# Prompt
Once you reach the line containing "VO级阻燃耐高温750度压线帽闭端子接线帽电线连接端子CE2X", return it and every line after it exactly, through the end of the records below, with no pictures.

(Collection entries)
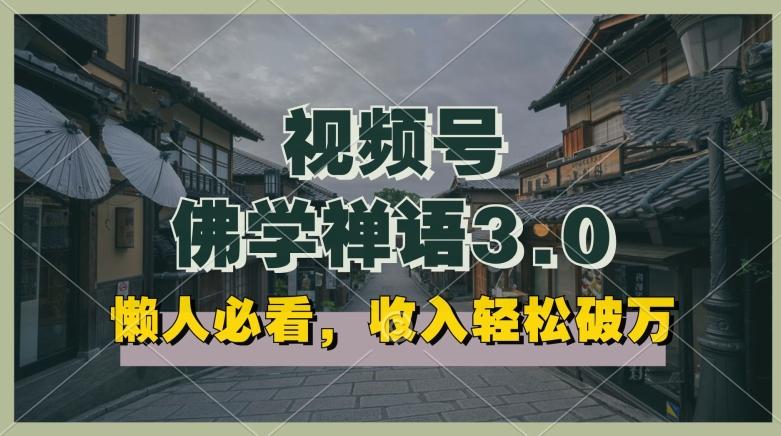 懒人必看，视频号佛学禅语3.0.纯原创视频，每天1-2小时，收益高，可以矩阵操作【揭秘】-星禾网创星球
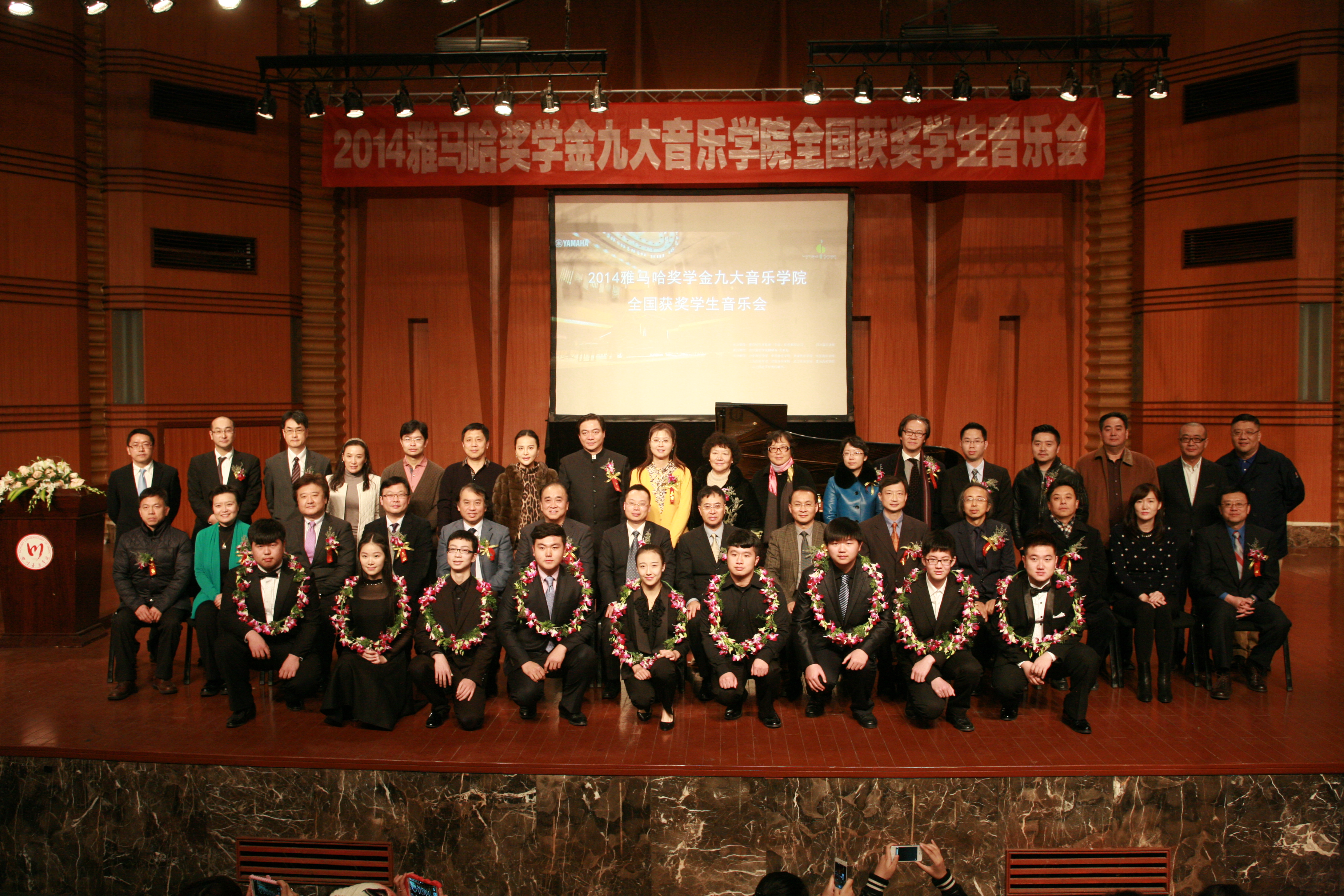 2014CA88奖学金九大音乐学院全国获奖学生音乐会圆满落幕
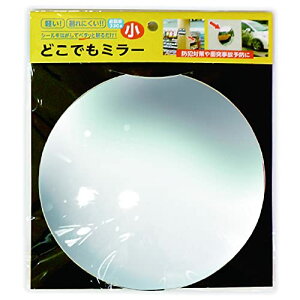 カーボーイ どこでもミラー 小 約直径210mm×厚み1.5mm 送料 無料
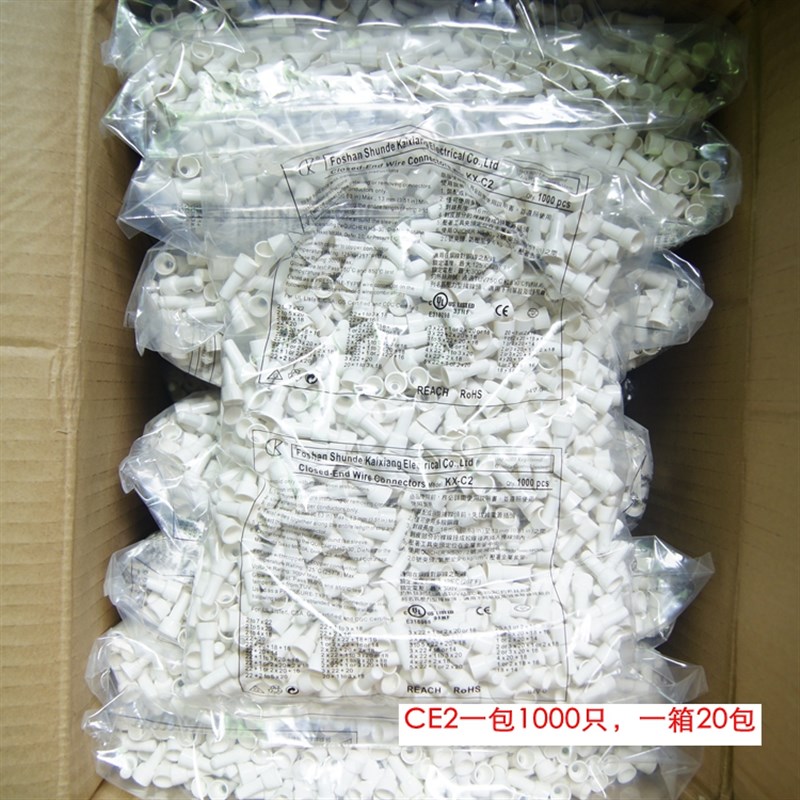 VO级阻燃耐高温750度压线帽闭端子接线帽电线连接端子CE2X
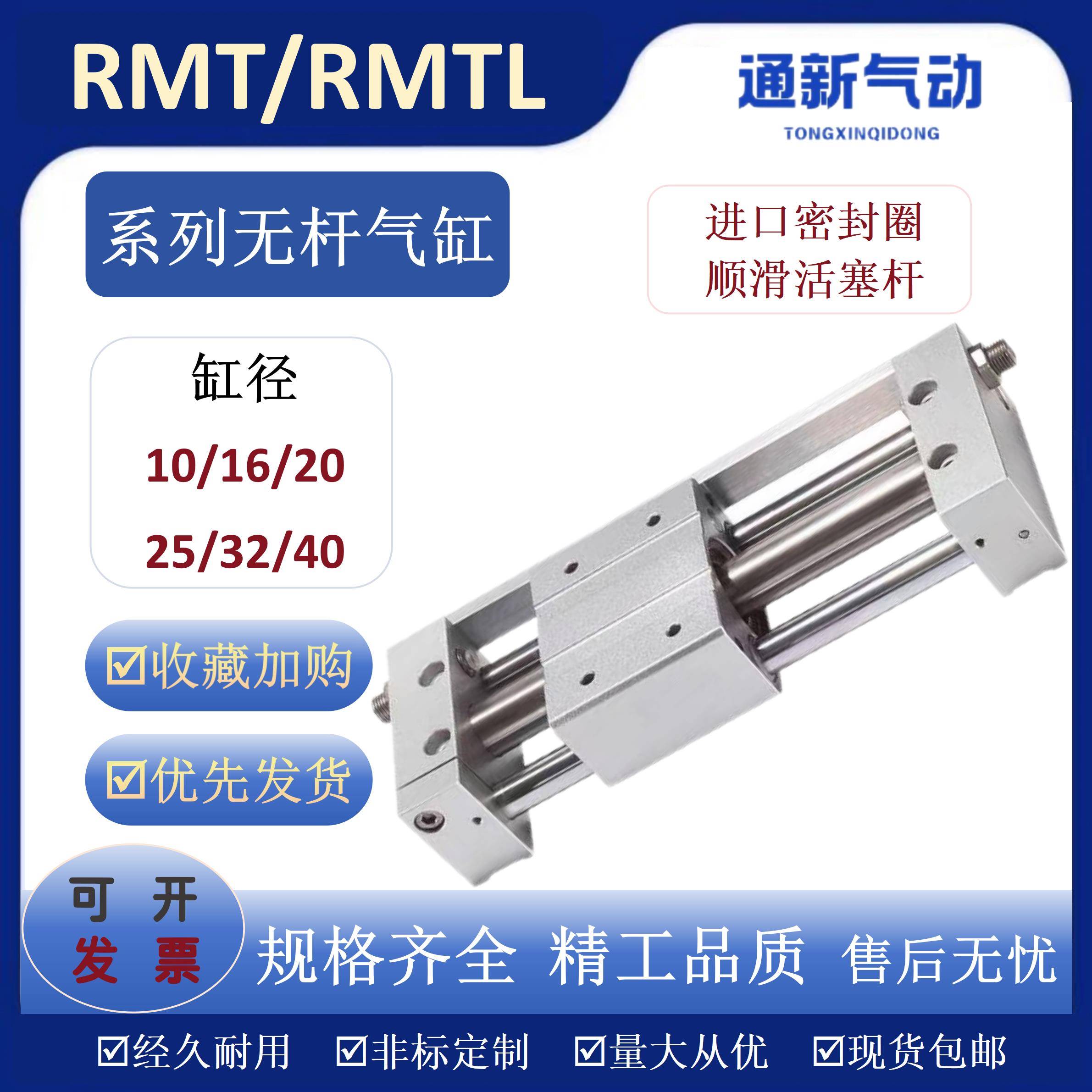 磁耦式无杆气缸RMT10/16/20/25/32/40X200X300X500X600-S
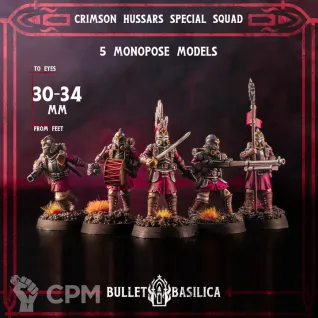 Описание картинки Crimson Hussars Special Squad от PocketSized Prints по цене 750руб | Свободный Рынок Миниатюр - СРМ
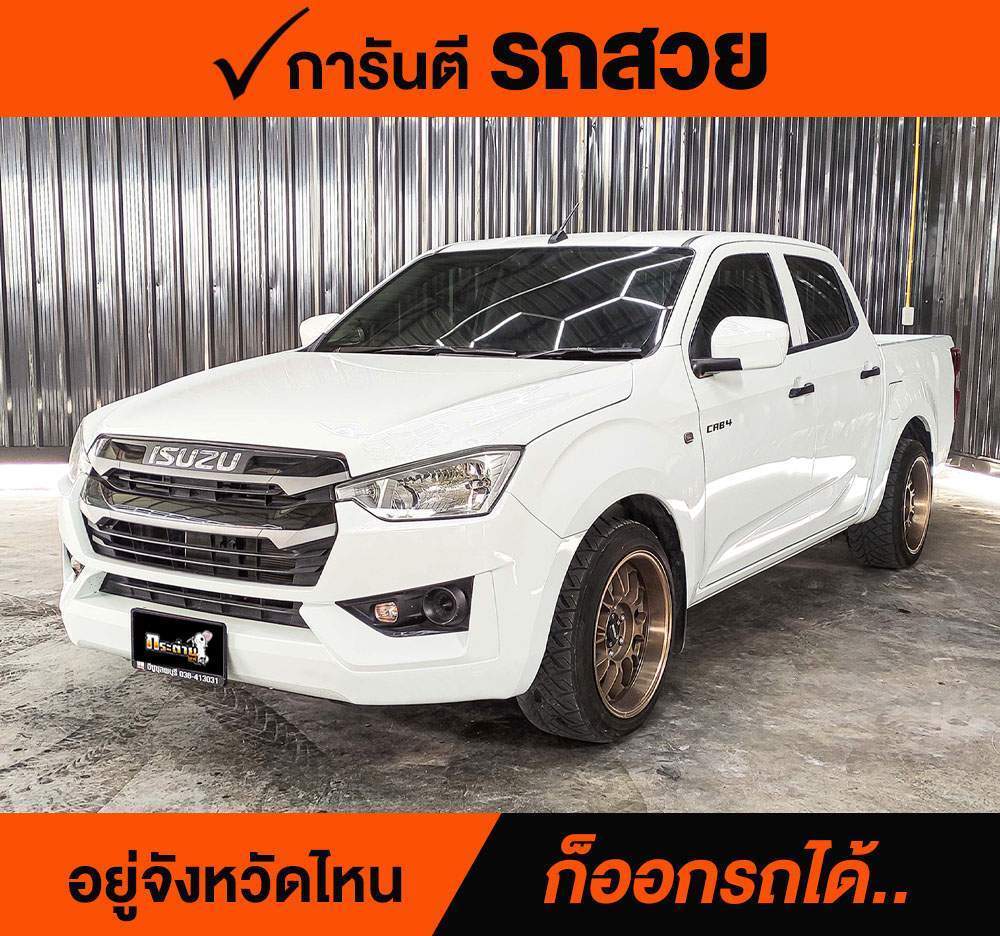 ISUZU D-MAX CAB4 1.9 Ddi S ปี 2022 ราคา 648,000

# Completed task
 VO级阻燃耐高温750度压线帽闭端子接线帽电线连接端子CE2X
 磁耦式无杆气缸RMT10/16/20/25/32/40X200X300X500X600-S
 Описание картинки Crimson Hussars Special Squad от PocketSized Prints по цене 750руб | Свободный Рынок Миниатюр - СРМ
 ISUZU D-MAX CAB4 1.9 Ddi S ปี 2022 ราคา 648,000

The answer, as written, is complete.